Brooklyn, N.Y. – Congresswoman Yvette D. Clarke released the following statement on conflicting decisions about the Affordable Care Act’s premium subsidies. Today, the U.S. Court of Appeals for the 4th Circuit upheld the Affordable Care Act’s subsidies to both state and federal exchanges, while the U.S Court of Appeals for the D.C. Circuit prohibited subsidies to the federal exchange, but upheld these subsidies to state exchanges.
The decision by the D.C. Circuit, if upheld by the Supreme Court, would effectively prevent millions of American families from purchasing an affordable health insurance plan.

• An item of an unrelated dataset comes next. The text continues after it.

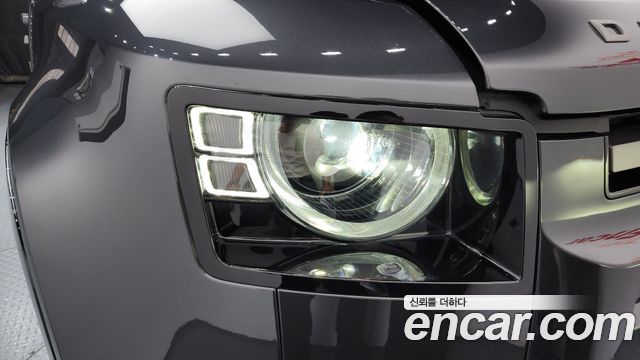 Land Rover Defender 110 P300 X-Dynamic SE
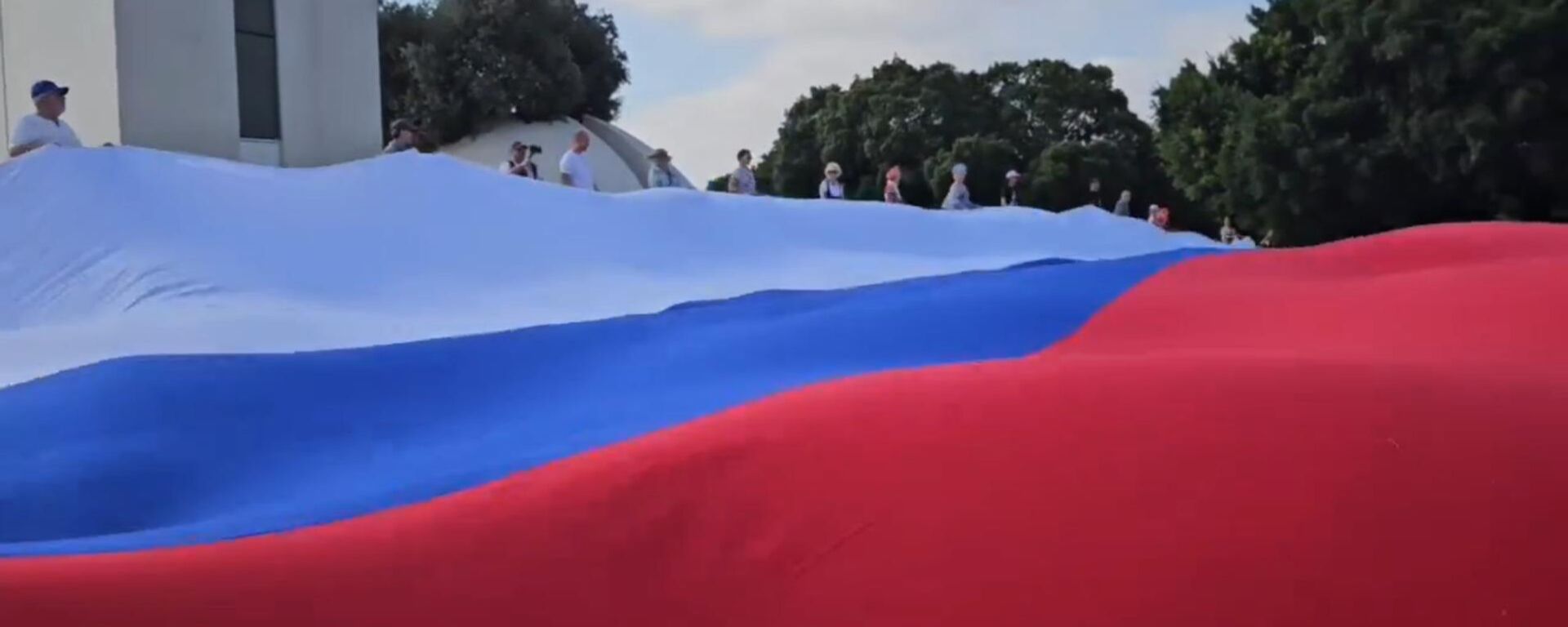 特拉维夫公园展巨型俄罗斯国旗庆祝俄罗斯日 - 俄罗斯卫星通讯社, 1920, 12.06.2026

“Despite the disagreement between the appeals courts about the Affordable Care Act, the American people have reached their conclusion about the law, which has already allowed fourteen million people to enroll in comprehensive health insurance plans, a figure that includes nearly one million people in New York State,” said Congresswoman Clarke. “The premium subsidies were created to allow every family to have access to high-quality health care. These subsidies have worked. Indeed, in many instances, families and individuals who have enrolled in health insurance plans have received subsidies that provide for more than half the cost of their premiums. If and when this matter is heard at the Supreme Court, I urge them to focus on the purpose for which we enacted the Affordable Care Act: to expand access to quality health care. As a nation, we must have the ability to achieve that important purpose.”
U.S. Representative Yvette D. Clarke is a member of the House Committee on Small Business, Ethics, and Homeland Security, where she is the Ranking Member of the Subcommittee on Cybersecurity, Infrastructure Protection, and Security Technologies. She represents many neighborhoods in central and southern Brooklyn, NY which include Brownsville, Crown Heights, East Flatbush, Flatbush, Gerritsen Beach, Madison, Midwood, parts of Park Slope and Flatlands, Prospect Heights, Prospect-Lefferts Gardens, Sheepshead Bay, and Windsor Terrace.